Each day, we are faced with decisions as to what we will allow our minds to focus on. I cannot expect my day or my heart to be filled with joy if I choose to let my mind dwell on sinful or ungodly thoughts, or if I fill my calendar and time with issues that have no eternal significance. 

“The fruit of the Spirit is love, joy, peace . . . “ (Galatians 5:22), but the soil of my heart is cultivated and nourished day by day with those things that I think and dwell on in my life. 

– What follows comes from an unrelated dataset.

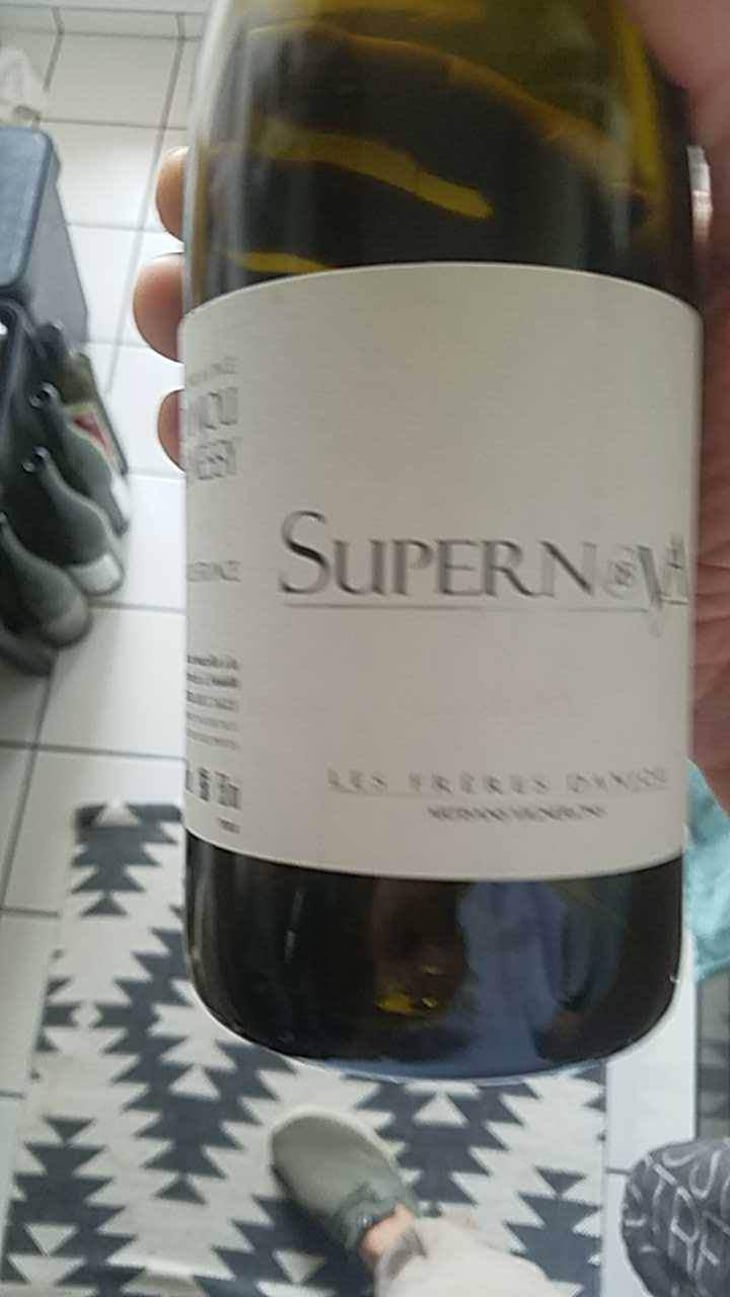 Supernova - Domaine Danjou-Banessy - Benoît & Sébastien Danjou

Paul’s teaching is not easy, but it is right on the mark when he guides us to re-direct our focus and thinking. I really like the way in which Richard Foster expresses it in “Celebration of Discipline” when he writes: 
 

“The decision to set the mind on the higher things of life is an act of the will. That is why celebration is a Discipline. It is not something that falls on our heads. It is the result of a consciously chosen way of thinking and living. When we choose this way, the healing and redemption in Christ will break into the inner recesses of our lives and relationships, and the inevitable result will be joy” (p. 195). 

Joy begins in the heart. All of our efforts will not give joy to life if the heart is not right. The only way to make the heart right is when we are covered in the righteousness of Jesus. If we are not right in Him and with Him, there will be no joy. A happy heart makes the face cheerful, but heartache crushes the spirit . . . All the days of the oppressed are wretched, but the cheerful heart has a continual feast” (Proverbs 15:13, 15). 

While His righteousness gives me joy, I must remain alert. I know all too well that there is someone worse than the thief who wants nothing less than to steal away the peace and joy I have in Jesus. Satan will seek to do this by filling my mind with worry. My confidence, however, rests in knowing that God’s peace, like a military sentry, will patrol the boundaries of my mind and keep me in Christ Jesus.